Hall also noted that the RTOs’ executives don’t always agree: “I think those philosophical differences get overplayed, but they still exist.”

Neither OMS nor the RSC are under any illusion that they can force the RTOs to adopt new interregional planning processes, he said.

“We certainly feel that we have some ability to move the ball forward,” Hall said. He also pointed out that outgoing MISO, SPP States Ponder Look at Interregional Planning.)

No Time for Perfection

Invenergy Director of Regulatory Affairs Nicole Luckey said the RTOs’ current process is encumbered by voltage and cost thresholds that are no longer appropriate and an interregional planning approach that has “too many cooks in the kitchen,” preventing cross-border transmission projects that could deliver low-cost wind energy.

“We have a [joint operating agreement] that’s way too prescriptive,” she said. “If I were a regulator, I would be pissed that my customers weren’t getting access to the lowest-cost generation in the country.”

Nicole Luckey, Invenergy | © RTO Insider

However, Luckey also acknowledged MISO’s recent failed proposal to lower voltages on interregional projects to 230 kV for regional cost allocation, calling the filing a good start. (See MISO Allocation Plan Fails on Local Project Treatment.)

“I do think we’re much too prescriptive in what we look at” for projects, Kelley allowed. He said simply sizing up projects based on adjusted production costs makes less sense as the marginal cost of renewable energy approaches zero.

Kelley expressed hope about changes, saying SPP would work to identify and remove barriers. But he also contended the two RTOs were unlikely to reach total transmission planning consensus without a national energy policy and “leadership on a national scale.”

“And I would argue we’d all be dead before we get federal energy policy,” Luckey said.

Hall said it’s not well understood that the cost of congestion on RTO seams is socialized among ratepayers situated far from those seams.

“Even if you’re not on a seam, your ratepayers are paying for congestion. … That has to be acknowledged,” Hall told attendees. “The more [efficiently] the entire grid works, it serves as a benefit.

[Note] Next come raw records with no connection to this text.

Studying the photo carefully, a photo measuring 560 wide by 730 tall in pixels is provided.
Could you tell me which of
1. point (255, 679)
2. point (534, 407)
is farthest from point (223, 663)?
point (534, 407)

It’s not just a function of bringing cheap energy to market; it’s moving it around in the most efficient way.”

“You can’t look at just whether your state is going to benefit,” Luckey told regulators.

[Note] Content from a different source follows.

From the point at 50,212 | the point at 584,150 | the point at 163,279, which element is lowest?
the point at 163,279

Hall said the dearth of interregional projects is best illustrated by Ameren Missouri’s proposed northwest Missouri wind farm, which originally had a $10 million interconnection price tag that later escalated to $40 million because of needed transmission upgrades. Ameren recently scrapped plans for the 157-MW project because of sticker shock.

MISO
Daniel Hall, Missouri PSC | © RTO Insider

“And the reason was all of the congestion in the area,” Hall said. He said the Ameren wind farm was a “poster child” for the lack of interregional transmission planning.

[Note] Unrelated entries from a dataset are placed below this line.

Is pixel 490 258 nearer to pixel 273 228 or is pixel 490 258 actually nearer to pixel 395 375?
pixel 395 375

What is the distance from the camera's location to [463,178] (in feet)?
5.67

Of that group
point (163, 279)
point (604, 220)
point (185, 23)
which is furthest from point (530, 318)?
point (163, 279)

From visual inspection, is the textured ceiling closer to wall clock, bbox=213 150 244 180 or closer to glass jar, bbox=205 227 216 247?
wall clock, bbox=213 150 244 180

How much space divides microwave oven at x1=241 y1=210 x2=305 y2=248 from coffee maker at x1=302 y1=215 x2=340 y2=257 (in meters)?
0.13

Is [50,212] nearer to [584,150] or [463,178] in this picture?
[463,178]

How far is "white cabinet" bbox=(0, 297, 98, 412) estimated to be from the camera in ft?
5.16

“We cannot build transmission plans interconnection upgrade by interconnection upgrade,” Hall said.

MISO and SPP have so far undertaken three 18-month coordinated system plan (CSP) studies — in 2014, 2016 and 2019. The first two CSPs failed to identify a worthwhile interregional seams project, and early indications are that the most recent hasn’t identified a contender either. The 2019 CSP relied on only the RTOs’ respective regional models, removing the additional joint model.

“I’m going to take a little shot at MISO, but I warned Jeremiah [Doner], so he knows it’s coming,” Luckey said before criticizing what she called the RTO’s “old, stale” planning assumptions in its annual Transmission Expansion Plan (MTEP). MISO is dramatically underestimating the amount of renewable penetration in its four future scenarios used to inform MTEP, she contended, especially considering carbon-reduction pledges by Midwestern utilities.

“No comment,” Doner joked, although he addressed the criticism by noting MISO is seeking to rework its futures for the 2021 MTEP cycle.

Luckey said “massive” energy infrastructure upgrades are needed, and they can’t wait until MISO can “perfectly forecast” renewable penetration.